The `CombinedDataset` object is used to combine multiple datasets into one. It accepts an iterable of `torch.utils.data.Dataset`
and/or `torch.utils.data.IterableDataset` objects and returns an `Example` object from one of the datasets, given an index.
Conceptually, the `CombinedDataset` object is a concatenation of the datasets in the input iterable, so the given index
can be mapped to a specific dataset based on the size of the datasets. As iterable-style datasets do not support random access,
the examples from these datasets are returned in order as they are iterated over.

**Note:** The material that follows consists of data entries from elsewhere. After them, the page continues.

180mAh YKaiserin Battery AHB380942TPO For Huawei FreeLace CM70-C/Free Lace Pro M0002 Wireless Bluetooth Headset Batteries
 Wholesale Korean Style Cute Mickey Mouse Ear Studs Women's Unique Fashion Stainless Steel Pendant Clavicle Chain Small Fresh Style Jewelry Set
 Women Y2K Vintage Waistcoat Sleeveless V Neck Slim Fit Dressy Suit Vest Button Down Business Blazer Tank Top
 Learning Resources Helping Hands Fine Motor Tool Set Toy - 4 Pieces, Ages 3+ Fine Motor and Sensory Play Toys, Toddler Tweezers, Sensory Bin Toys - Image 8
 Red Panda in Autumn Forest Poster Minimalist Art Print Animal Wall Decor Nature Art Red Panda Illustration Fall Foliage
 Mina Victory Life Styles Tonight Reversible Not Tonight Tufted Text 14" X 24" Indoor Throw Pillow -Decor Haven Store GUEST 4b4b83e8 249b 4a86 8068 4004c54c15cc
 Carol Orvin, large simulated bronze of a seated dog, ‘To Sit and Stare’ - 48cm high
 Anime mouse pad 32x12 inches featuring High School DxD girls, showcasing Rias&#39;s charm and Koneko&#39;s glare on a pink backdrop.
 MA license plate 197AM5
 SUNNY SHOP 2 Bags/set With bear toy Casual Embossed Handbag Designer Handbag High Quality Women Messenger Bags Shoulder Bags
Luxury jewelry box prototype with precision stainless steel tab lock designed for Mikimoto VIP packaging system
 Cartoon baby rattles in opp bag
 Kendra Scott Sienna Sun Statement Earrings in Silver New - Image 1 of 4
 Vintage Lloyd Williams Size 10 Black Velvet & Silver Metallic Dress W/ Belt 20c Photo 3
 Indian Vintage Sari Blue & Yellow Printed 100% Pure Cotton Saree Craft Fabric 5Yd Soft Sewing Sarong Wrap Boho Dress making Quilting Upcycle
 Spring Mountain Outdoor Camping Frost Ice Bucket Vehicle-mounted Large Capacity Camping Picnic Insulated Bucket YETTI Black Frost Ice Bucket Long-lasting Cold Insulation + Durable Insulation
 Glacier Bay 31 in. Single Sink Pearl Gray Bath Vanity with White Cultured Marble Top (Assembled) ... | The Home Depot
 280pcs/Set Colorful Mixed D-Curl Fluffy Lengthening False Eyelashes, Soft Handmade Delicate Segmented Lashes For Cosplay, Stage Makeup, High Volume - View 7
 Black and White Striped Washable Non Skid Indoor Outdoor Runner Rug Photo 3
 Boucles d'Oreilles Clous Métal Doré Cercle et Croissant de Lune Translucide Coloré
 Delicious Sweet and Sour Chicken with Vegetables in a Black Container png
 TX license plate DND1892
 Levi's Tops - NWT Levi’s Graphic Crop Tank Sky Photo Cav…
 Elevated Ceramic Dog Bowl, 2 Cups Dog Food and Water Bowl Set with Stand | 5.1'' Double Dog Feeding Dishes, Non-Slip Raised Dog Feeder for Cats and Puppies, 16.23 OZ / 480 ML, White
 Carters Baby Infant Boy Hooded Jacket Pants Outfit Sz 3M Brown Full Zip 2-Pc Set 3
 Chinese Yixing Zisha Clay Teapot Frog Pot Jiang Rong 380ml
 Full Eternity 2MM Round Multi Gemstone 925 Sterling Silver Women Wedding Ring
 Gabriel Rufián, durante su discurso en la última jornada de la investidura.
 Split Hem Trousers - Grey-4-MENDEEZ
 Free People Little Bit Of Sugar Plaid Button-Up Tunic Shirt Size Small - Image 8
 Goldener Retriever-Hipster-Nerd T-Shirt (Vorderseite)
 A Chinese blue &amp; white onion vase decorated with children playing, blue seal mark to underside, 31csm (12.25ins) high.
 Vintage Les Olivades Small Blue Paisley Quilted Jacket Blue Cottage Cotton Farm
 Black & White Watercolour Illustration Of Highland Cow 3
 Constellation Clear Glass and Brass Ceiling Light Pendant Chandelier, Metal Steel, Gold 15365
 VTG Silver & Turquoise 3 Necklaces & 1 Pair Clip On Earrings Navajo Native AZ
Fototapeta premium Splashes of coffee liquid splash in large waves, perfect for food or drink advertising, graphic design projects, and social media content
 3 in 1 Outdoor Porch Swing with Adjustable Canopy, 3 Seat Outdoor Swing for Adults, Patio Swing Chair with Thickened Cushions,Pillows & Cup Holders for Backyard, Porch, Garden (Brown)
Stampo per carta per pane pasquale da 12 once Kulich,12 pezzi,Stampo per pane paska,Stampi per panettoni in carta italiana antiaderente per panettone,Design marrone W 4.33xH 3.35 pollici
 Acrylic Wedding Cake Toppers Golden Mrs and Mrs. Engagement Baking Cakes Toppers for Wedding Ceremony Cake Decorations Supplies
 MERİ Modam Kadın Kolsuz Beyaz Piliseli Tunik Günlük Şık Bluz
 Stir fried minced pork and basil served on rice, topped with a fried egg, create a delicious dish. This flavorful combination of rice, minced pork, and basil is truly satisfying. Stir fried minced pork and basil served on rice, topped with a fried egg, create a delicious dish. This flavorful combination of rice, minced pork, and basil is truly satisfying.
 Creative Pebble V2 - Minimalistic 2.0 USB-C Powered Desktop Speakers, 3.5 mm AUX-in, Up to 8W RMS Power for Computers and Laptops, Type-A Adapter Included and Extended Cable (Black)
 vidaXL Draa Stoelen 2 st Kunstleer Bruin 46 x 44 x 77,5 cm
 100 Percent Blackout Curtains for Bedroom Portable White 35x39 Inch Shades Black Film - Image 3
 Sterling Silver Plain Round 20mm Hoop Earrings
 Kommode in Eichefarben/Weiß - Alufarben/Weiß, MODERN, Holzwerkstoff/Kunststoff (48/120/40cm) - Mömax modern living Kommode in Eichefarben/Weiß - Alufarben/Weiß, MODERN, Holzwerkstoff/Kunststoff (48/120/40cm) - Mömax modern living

The `CombinedDataset` object also adds a `dataset_index` attribute to the `Example` object, corresponding to the index of
the dataset in the input iterable. Every example returned by the `CombinedDataset` will have an `example_ids` attribute,
which is instance of `Example` containing the same keys/attributes as the original example, with the exception of the
`example_index` and `dataset_index` attributes, with values being a tensor of the `dataset_index` and `example_index`.
</details>

### Dataloading
When dealing with multiple datasets with different modalities, the default `collate_fn` of `torch.utils.data.DataLoader`
may not work, as it assumes that all examples have the same keys/attributes. In that case, the `collate_example_list`
function can be used as the `collate_fn` argument of `torch.utils.data.DataLoader`. This function takes a list of `Example`
objects and returns a dictionary of tensors, with all the keys/attributes of the `Example` objects.

## Contributing

If you are interested in contributing to the library, please see [CONTRIBUTING.MD](CONTRIBUTING.MD). This file contains
many details around contributing to the code base, including are development practices, code checks, tests, and more.